By Jamin Roller
One of my favorite classes in college was Cinematic Theology. We spent all semester watching movies and discussing the theological themes embedded in the movie’s message. As I read through today’s passages, I was reminded of a scene in The Dark Knight that we spent a lot of time discussing in class. It is a brief scene I would have easily missed: Batman and the police are chasing the Joker through the streets of Gotham. It’s a high-action scene with lots of crashes and explosions. Then, for just a moment, the camera cuts to and lingers on a fire engine that is turned on its side and engulfed in flames. It’s a tragically ironic image. Fire engines are supposed to put out fires. They are there to help defeat the fire. This one was not only turned on its side but was itself on fire. The vehicle of rescue was consumed by the very thing it was supposed to extinguish.
That moment served its own purpose for the movie, but I thought of it reading through 2 Chronicles 36 because it’s emblematic of Israel and her kings. Over and again we get the name of the king, the age of the king and then this summary of his reign: “He did what was evil in the sight of the Lord.” Not only were the kings evil, but “All the leaders of the priests and the people multiplied their unfaithful deeds, imitating all the detestable practices of the nations” (2Chronicles 36:14).
Israel was rescued from Egypt by God, welcomed into a covenant relationship with God, and commissioned to represent God to the surrounding nations. Their holy character was supposed to represent God’s holy character and serve as a redemptive invitation to the surrounding nations to follow the one true God. What we just read is a far cry from that calling. Instead of being a set apart people witnessing to the nations, they were people consumed by the evil they were supposed to oppose. They were like a vehicle of rescue engulfed in what should be extinguished. Verse 16 tells us they are so given over to evil and unrepentance they even reject God’s unwavering compassion. It is a bleak, tragically ironic picture.
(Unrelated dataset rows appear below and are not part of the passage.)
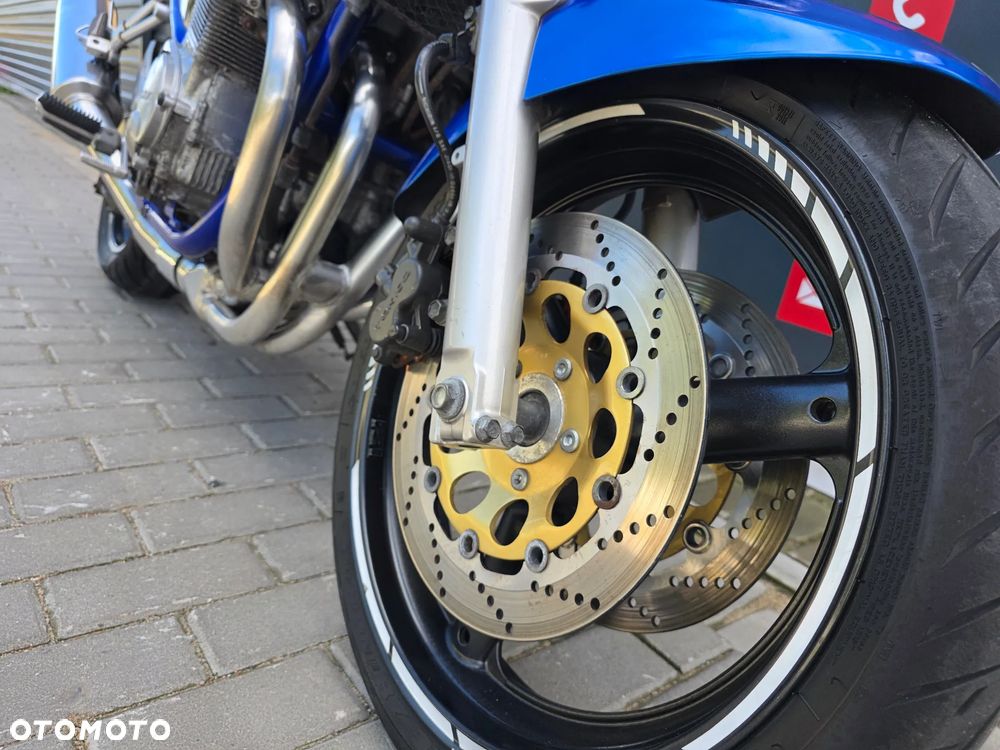 Suzuki Bandit - 28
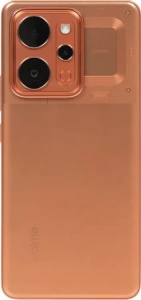 Realme P4 Power 5G 12/256Gb (Dimensity 7400 Ultra) Оранжевый EAC
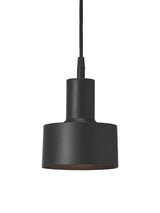 Solo Fönsterlampa – Matt svart 13 cm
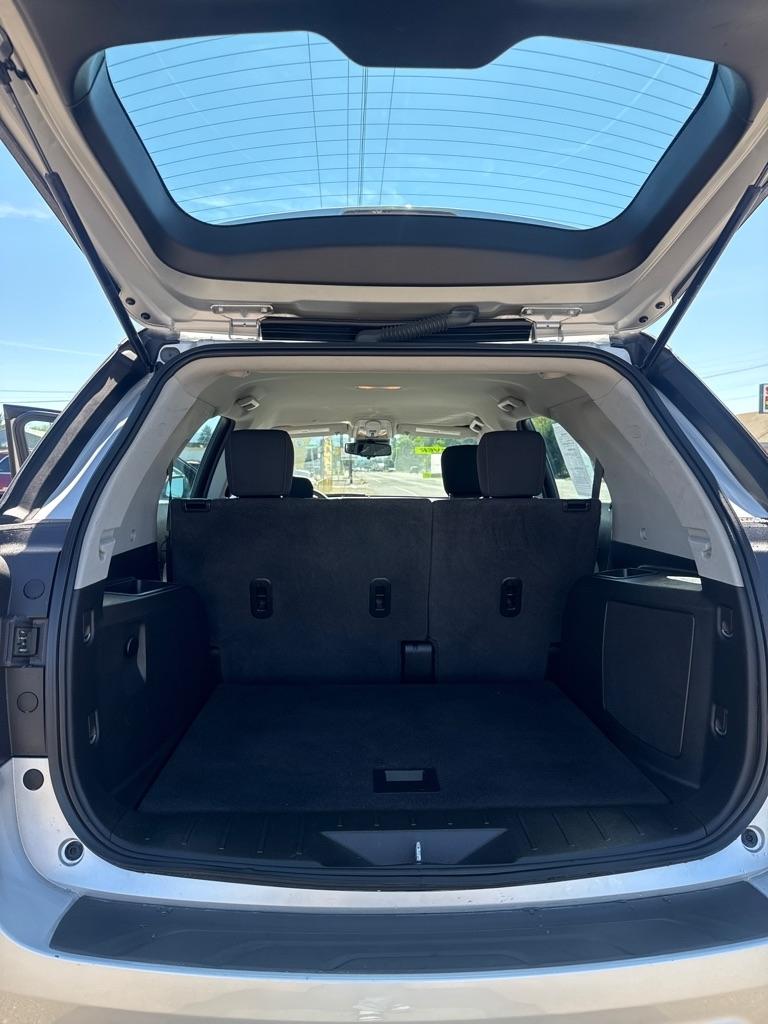 Chevrolet Equinox LS AWD 2016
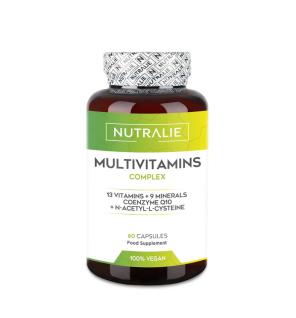 Multivitamins complex 60 vcaps Nutralie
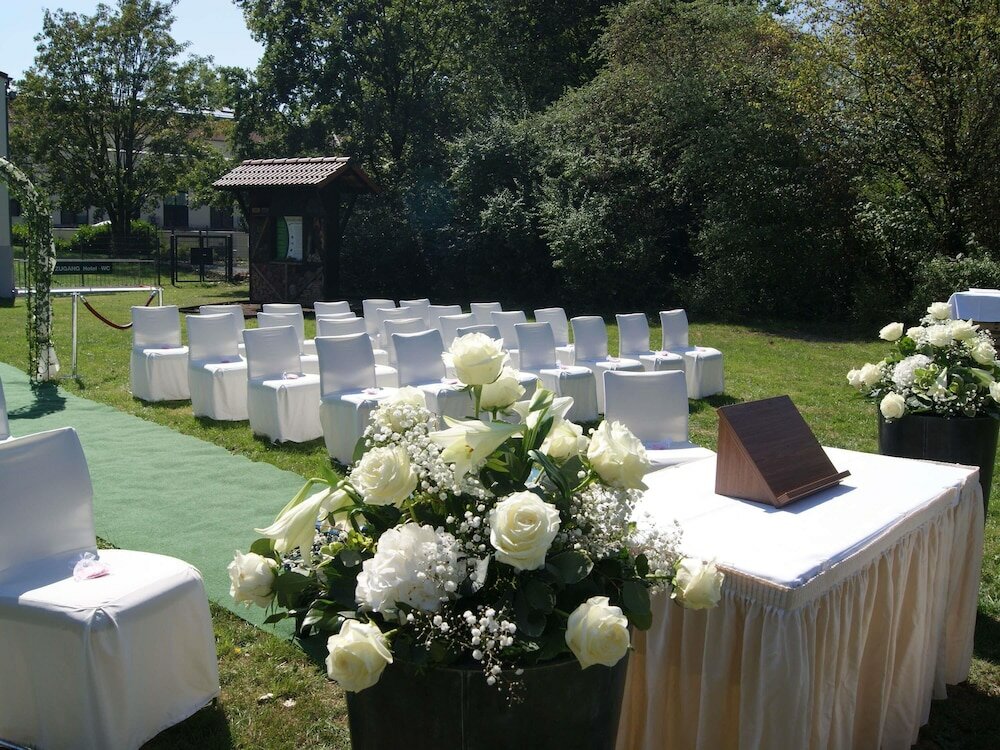 Фото Mercure Tagungs & Landhotel Krefeld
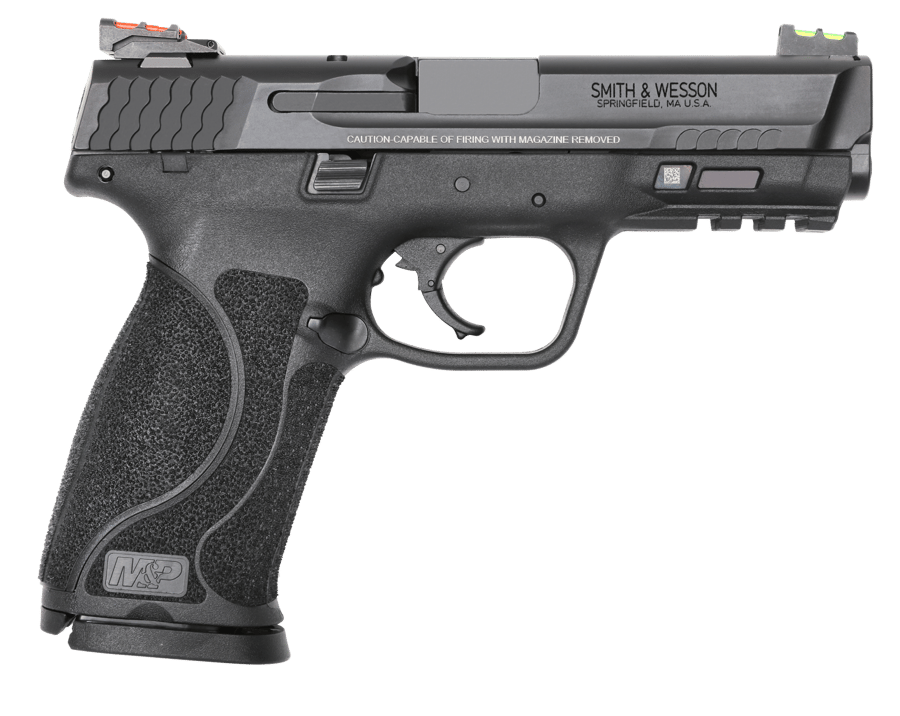 SMITH & WESSON M&P9 M2.0 PRO SERIES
The chapter and the book end with little conclusion. After pointing back to the failure to live faithfully, it points to an unknown future. It allows readers to ponder for themselves, “will you repeat the past or choose faithfulness?”
That kind of question turns our hearts to Jesus in this Lenten season. I do not want to live a life consumed by the very things God has redeemed me from and called me to fight against. I want to be a faithful vehicle of grace and good news. I choose faithfulness. Yet that can only be true if I trust in and lean on my Savior. He withstood the flames of sin and death and defeated evil. He is the rescuer Israel needed and the rescuer we still need today. Only through Him can we live fully and faithfully into the sacred calling to be his set-apart people. Lord, help us.